Another neighbour, Dwight Miles, pointed out that the Woods family had installed a security system and flood lights only after their home had been broken into several times.
Dwight was quoted as saying: “Once he (an intruder) steps foot in your house, to me that’s fair game. That’s my feeling on it. He (the homeowner) should not have to pay to defend himself.”
The Citizen goes on to report that “Dahn Batchelor, a Mississauga-based criminologist said recently in commenting on homeowners’ self-defence rights: ‘You’re expected to be absolutely safe in your home, you may not expect to be safe in a gas station or store, but in your home, that’s something that’s a given.’”
Ditto, Jeremy, Dwight and Dahn. You have lots of company sharing your opinions. We just have to make sure that all the out-of-control bureaucrats working under the same judicial umbrella listen to us.
The Ottawa Citizen’s picture of a cocky, tattooed misfit, wearing dark glasses and a T-shirt with an image of a skull and crossed swords, portrays Corey Blaskie as a “real winner”.

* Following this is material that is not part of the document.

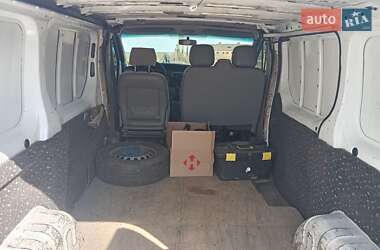 Грузовой фургон Renault Trafic 2005 в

According to newspaper reports, his girlfriend said Blaskie had gone out for one of his habitual hour-long bike rides when he couldn’t sleep because he liked the “tranquility of the night”. (I’ll just bet he did!)
I read those words to mean a pedal bicycle–not a motor bike–and immediately questioned why someone going out for “nighttime tranquility” therapy on a bicycle would be dressed in menacing black clothing and slash-proof police-style gloves, as per the description given for the intruder’s attire….
The entire Ottawa Citizen article, “OPP Won’t Lay Charges in Fatal Stabbing During Arnprior Home Break-in” is available at:
Jane Gaffin, September 29, 2011
George Adair says
I have always felt that my home was my “castle” and therefore I could defend it from intruders. My parents and grandparents taught me that protecting one’s family comes above all else. I do hope I never have to defend my home against the thugs out there but if it ever comes to that I have made it quite clear one of us is going out in a bodybag and it ain’t gonna be me. What our courts and police services have done to recent defenders of their homes is scandelous at best and almost criminal at worst.